(Collected data entries)
::::::::
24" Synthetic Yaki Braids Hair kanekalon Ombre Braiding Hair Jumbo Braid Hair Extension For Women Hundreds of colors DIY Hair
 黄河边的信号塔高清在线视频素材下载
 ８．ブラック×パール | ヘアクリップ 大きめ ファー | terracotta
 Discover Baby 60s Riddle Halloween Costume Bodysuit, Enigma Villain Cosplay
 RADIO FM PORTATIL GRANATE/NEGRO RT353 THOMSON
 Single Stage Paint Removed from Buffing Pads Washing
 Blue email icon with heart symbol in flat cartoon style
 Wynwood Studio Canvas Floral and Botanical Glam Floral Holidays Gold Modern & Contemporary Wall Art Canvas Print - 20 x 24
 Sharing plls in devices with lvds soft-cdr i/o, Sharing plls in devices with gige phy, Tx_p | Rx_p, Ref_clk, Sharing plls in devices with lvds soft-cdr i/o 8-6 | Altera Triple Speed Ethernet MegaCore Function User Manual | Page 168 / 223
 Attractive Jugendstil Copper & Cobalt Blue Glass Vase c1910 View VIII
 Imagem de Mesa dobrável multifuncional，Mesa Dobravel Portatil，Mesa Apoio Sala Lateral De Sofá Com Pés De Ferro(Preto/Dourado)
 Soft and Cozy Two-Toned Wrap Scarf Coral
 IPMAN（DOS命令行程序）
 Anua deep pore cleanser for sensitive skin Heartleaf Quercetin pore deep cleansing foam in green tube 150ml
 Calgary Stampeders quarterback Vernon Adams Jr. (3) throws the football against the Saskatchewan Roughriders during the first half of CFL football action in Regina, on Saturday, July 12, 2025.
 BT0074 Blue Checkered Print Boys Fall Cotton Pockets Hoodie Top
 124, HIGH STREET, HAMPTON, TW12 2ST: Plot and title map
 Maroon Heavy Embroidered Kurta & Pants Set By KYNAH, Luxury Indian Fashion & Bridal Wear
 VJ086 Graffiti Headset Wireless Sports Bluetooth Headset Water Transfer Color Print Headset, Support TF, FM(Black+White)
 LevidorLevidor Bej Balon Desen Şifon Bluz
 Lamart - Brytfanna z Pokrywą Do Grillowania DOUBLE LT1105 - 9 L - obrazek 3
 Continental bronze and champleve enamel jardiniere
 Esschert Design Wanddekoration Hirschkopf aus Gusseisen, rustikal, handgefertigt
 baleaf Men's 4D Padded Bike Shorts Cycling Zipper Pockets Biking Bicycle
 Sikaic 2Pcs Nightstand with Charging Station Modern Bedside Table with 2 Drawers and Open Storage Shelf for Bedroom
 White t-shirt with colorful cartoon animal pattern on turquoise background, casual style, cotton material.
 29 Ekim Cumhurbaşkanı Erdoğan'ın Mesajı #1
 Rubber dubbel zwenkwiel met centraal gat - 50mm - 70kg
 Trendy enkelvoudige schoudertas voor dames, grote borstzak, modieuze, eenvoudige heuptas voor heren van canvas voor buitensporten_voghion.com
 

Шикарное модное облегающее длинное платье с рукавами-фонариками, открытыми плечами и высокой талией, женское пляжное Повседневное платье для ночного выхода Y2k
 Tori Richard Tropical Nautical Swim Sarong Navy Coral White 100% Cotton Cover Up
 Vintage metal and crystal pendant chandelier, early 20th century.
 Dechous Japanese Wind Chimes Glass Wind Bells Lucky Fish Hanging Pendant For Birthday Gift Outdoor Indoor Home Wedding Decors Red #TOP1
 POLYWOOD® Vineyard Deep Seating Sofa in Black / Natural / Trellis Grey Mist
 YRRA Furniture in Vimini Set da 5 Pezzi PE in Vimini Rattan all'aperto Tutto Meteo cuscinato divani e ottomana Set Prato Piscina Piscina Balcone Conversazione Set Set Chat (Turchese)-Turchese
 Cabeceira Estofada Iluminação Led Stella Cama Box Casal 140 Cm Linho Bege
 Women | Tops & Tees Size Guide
::::::::
Considering only the data above, return the lines in which "White" occurs.

 VJ086 Graffiti Headset Wireless Sports Bluetooth Headset Water Transfer Color Print Headset, Support TF, FM(Black+White)
 White t-shirt with colorful cartoon animal pattern on turquoise background, casual style, cotton material.
 Tori Richard Tropical Nautical Swim Sarong Navy Coral White 100% Cotton Cover Up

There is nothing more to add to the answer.